PROBLEM DETAILS -
Although the records contain pictures, none belong in the copy: restate word for word only the lines from the one with "Cody , a male" through the one with "Nieuwjaarsduiken afgelast vanwege", both included.

START EXTRACTED MATERIAL

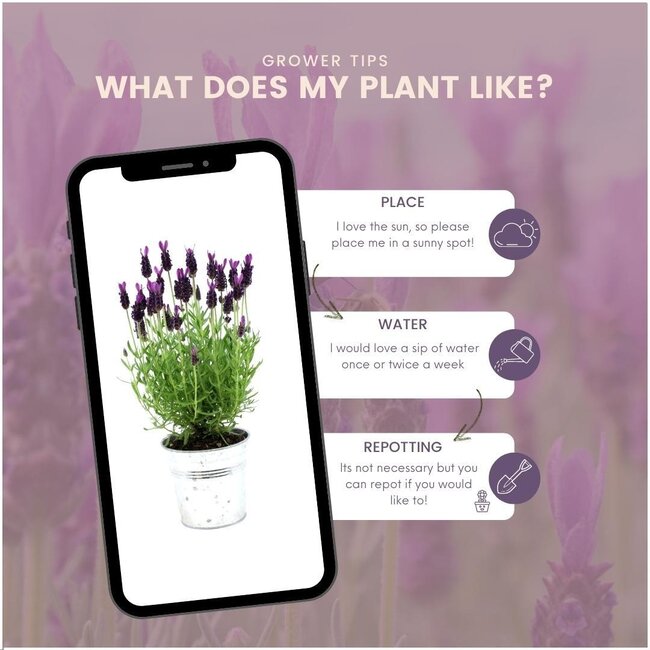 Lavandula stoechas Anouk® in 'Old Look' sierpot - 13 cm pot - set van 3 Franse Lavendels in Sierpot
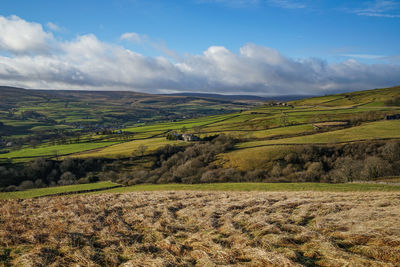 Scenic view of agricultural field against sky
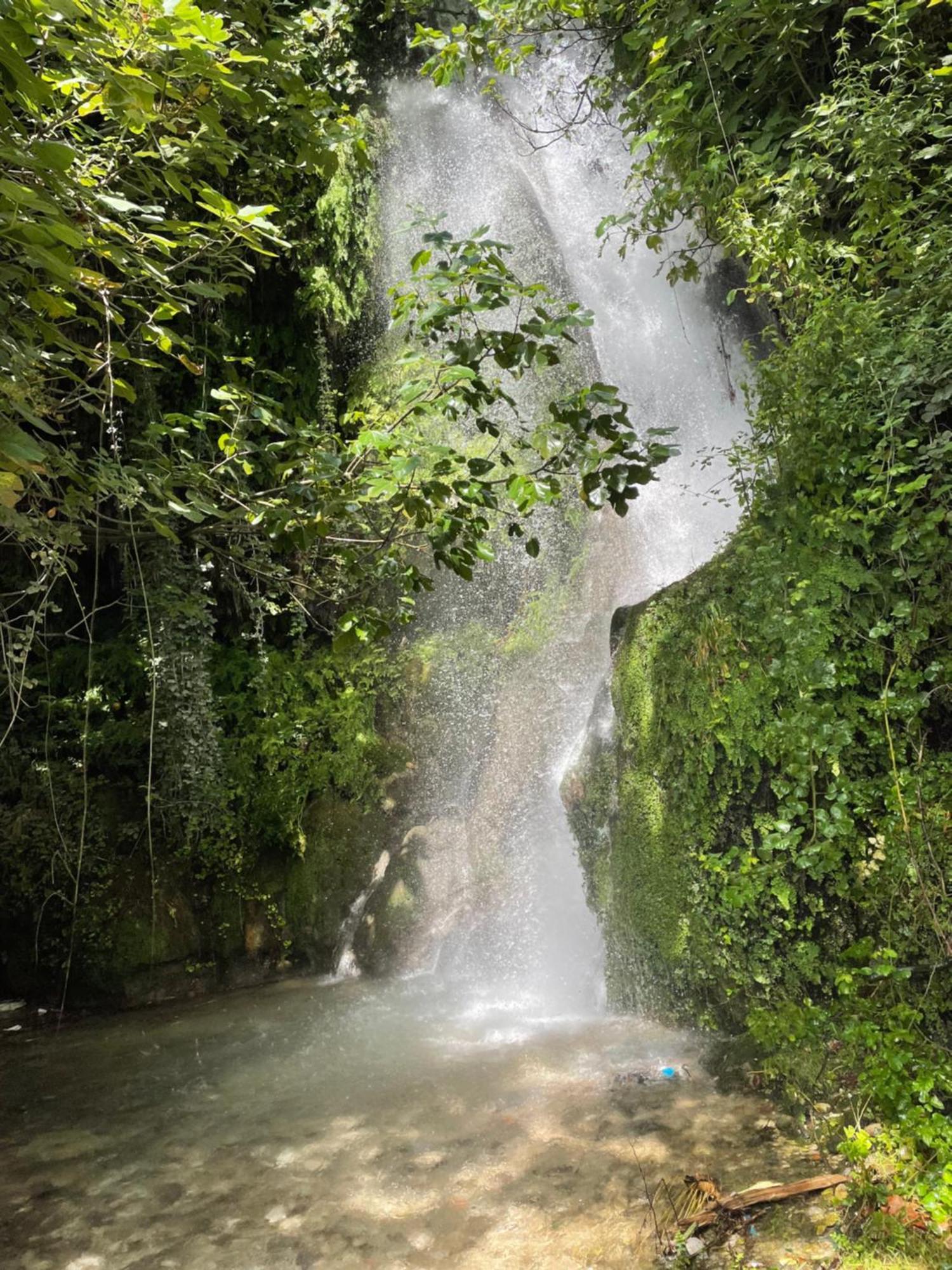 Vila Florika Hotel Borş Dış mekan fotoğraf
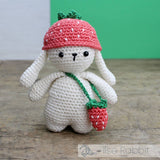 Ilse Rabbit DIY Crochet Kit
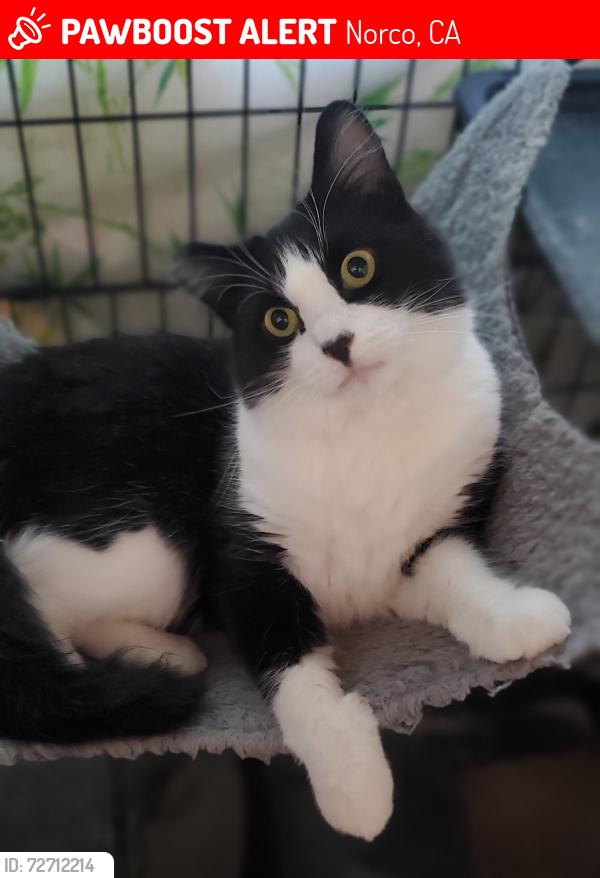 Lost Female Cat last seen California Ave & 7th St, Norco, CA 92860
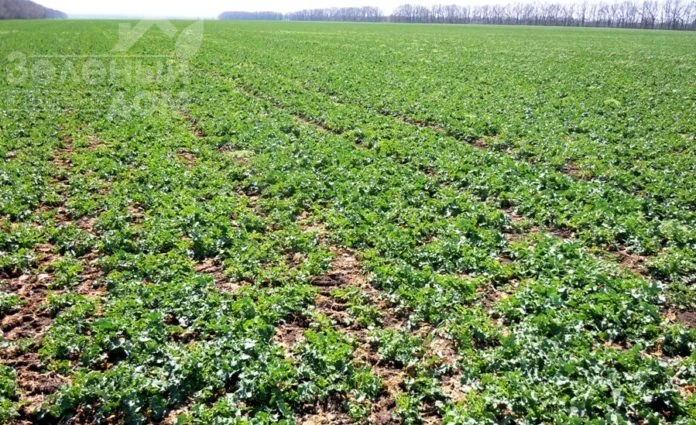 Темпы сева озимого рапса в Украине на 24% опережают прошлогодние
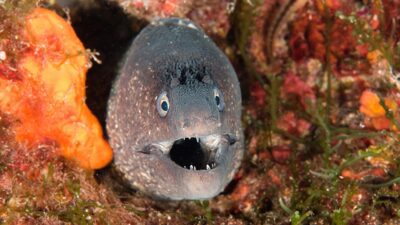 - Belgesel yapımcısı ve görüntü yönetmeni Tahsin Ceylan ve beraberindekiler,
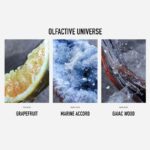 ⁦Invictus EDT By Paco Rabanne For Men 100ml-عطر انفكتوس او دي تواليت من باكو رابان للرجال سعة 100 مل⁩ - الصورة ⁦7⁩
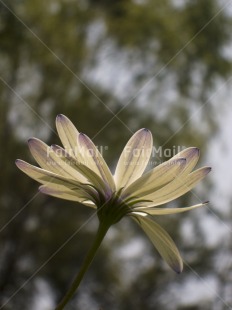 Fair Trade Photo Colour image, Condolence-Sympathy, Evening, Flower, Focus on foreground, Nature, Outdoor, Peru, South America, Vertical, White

END EXTRACTED MATERIAL
START EXTRACTED MATERIAL

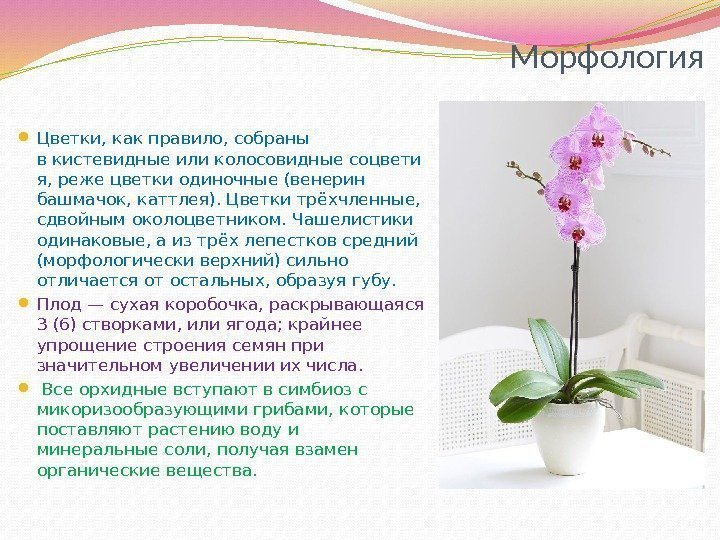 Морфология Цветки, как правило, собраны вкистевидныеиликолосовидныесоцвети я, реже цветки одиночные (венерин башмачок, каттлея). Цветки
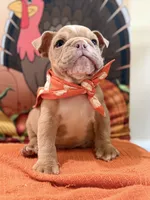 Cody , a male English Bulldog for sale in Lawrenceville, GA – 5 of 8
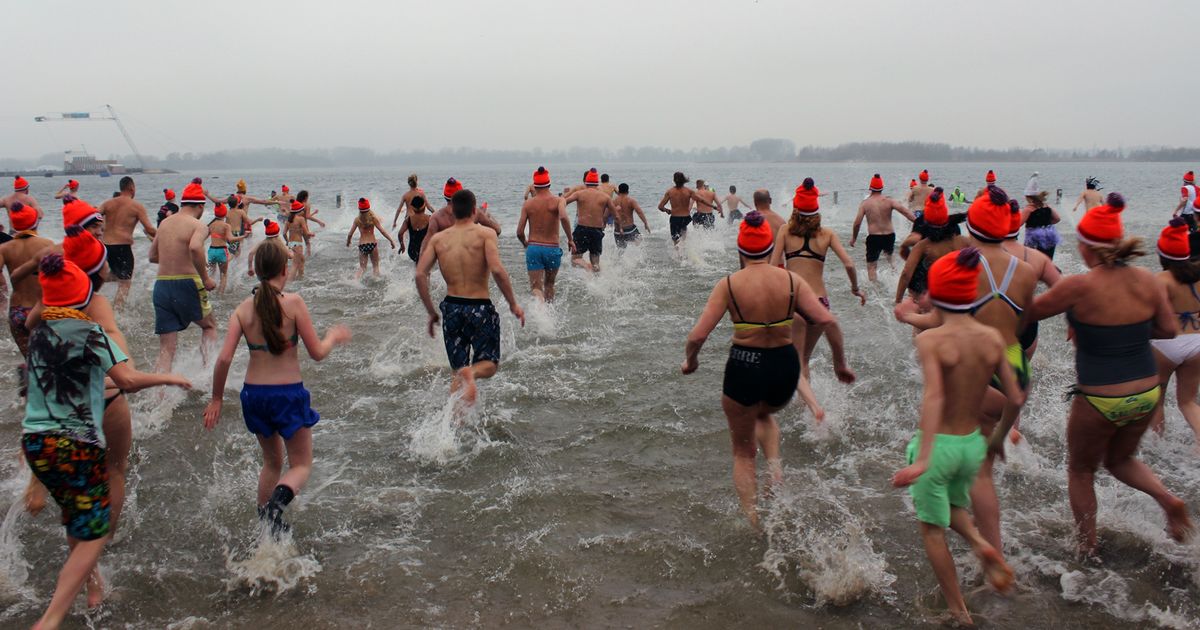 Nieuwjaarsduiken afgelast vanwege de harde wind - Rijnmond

END EXTRACTED MATERIAL

RESULT OF THIS EXERCISE -
 Cody , a male English Bulldog for sale in Lawrenceville, GA – 5 of 8
 Nieuwjaarsduiken afgelast vanwege de harde wind - Rijnmond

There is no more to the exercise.